Serious Lego designers are part of a global Web community. They exhibit their models and post photos of their creations on the Internet. Here, Dorowski is a star. Time and again, someone will ask him for construction drawings; some of his fellow players even offer money. But that goes against his honor code as a designer. Besides which, the design for the white Porsche 908 driven by Steve McQueen exists only in his mind. “If I had to set it down on paper,” he says modestly, “that would be work—and I do all of this strictly for relaxation.”
Porsche Museum built of Lego
Instead of selling a construction manual, he’d rather keep working meticulously on his projects until a convertible soft top is replicated so precisely that it can be folded and stowed away. These kinds of thoughts run through his mind at breakfast. He’s putting a great deal of thought into a big project for solving an important problem that his hobby has created: he wants to build the Porsche Museum to house his models in the style they deserve.
Dorowski has brought his favorite Porsche models to the studio.
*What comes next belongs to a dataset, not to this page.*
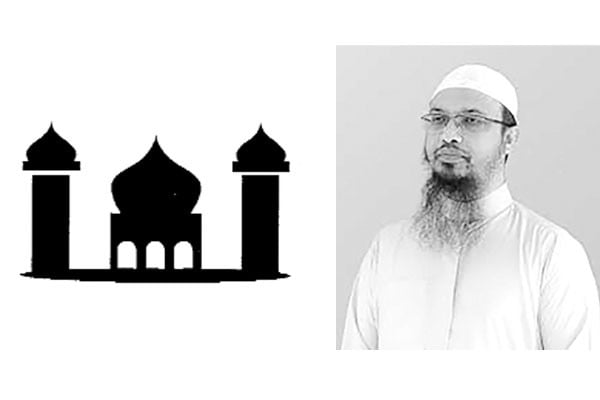 চূড়ান্ত বিজয় সত্যের আশুরা ও কারবালার বড় শিক্ষা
Before the photographer presses the shutter, master designer Dorowski carefully blows a puff of air over an independent wheel suspension, just in case a speck of dust might have escaped detection. He gently presses a rear wing closed. We can safely assume that his son is treated even more gently, so one-and-a-half-year-old Paul must be a very happy child. Of course, he is already playing with Lego. But with the big Duplo bricks designed for little hands.
Nonetheless, his father is already anticipating the coming dilemma: What is he going to do when Paul is old enough for the smaller bricks? Is Paul going to be allowed into the Lego room? What if he brings chaos into the order of the design studio? Or just imagine what would happen if he let the red Porsche 917 short-tail fall from the shelf and it flew into 1,523 pieces? Malte Dorowski gazes confidently into the future, saying, “I’ll have to figure something out.”